ALFRED E. BANDERA vs. WALTER T. DONOHUE & another.

Supreme Judicial Court of Massachusetts, Suffolk.

November 10, 1950.

December 6, 1950.

Present: QUA, C.J., LUMMUS, RONAN, WILKINS, & COUNIHAN, JJ.

D. Greer, for the defendants.

V.R. Brogna, for the plaintiff.

*564 RONAN, J.

This is an action of contract to recover rent for the months of July, August, and September, 1949, under a lease to the defendant Donohue for the term commencing on April 1, 1946, and, as extended, expiring on April 1, 1951. The lease authorized Donohue to assign to a corporation in which he should be the principal stockholder, but the assignment was not to affect his original liability on the lease and he was to become bound as guarantor for full performance of the lease by the corporation. Such an assignment was made; the assignee corporation was the other defendant. The judge found for the plaintiff after refusing to grant a request for a ruling which read as follows: "That where a tenant under a lease vacates the leased premises and thereafter the landlord permits an employee to use the premises as sleeping quarters, such action of the landlord constitutes an acceptance of a surrender and terminates any obligation for the payment of rent." The defendants appealed from an order of the Appellate Division dismissing the report.

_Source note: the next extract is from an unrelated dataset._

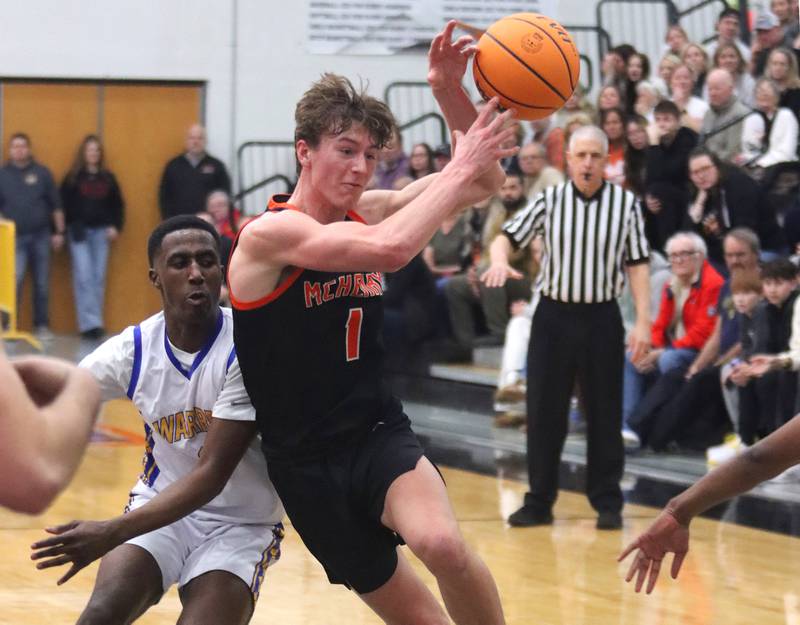McHenry’s Dylan Hurckes moves the ball against Warren in IHSA Class 4A Regional Title Game boys basketball action on Friday, Feb. 28, 2025 at McHenry High School in McHenry.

Findings of fact are not reviewable upon this appeal, nor is the sufficiency of the evidence to support a finding in the absence of a request for a ruling and for a report of its denial. Reid v. Doherty, 273 Mass. 388. Parker v. Levin, 285 Mass. 125. The only question presented for decision is whether the denial of the request by the trial judge and the order of the Appellate Division dismissing the report based upon the denial were correct. Dolham v. Peterson, 297 Mass. 479, 481. Ahern v. Towle, 310 Mass. 695, 701. Zarrillo v. Stone, 317 Mass. 510, 511.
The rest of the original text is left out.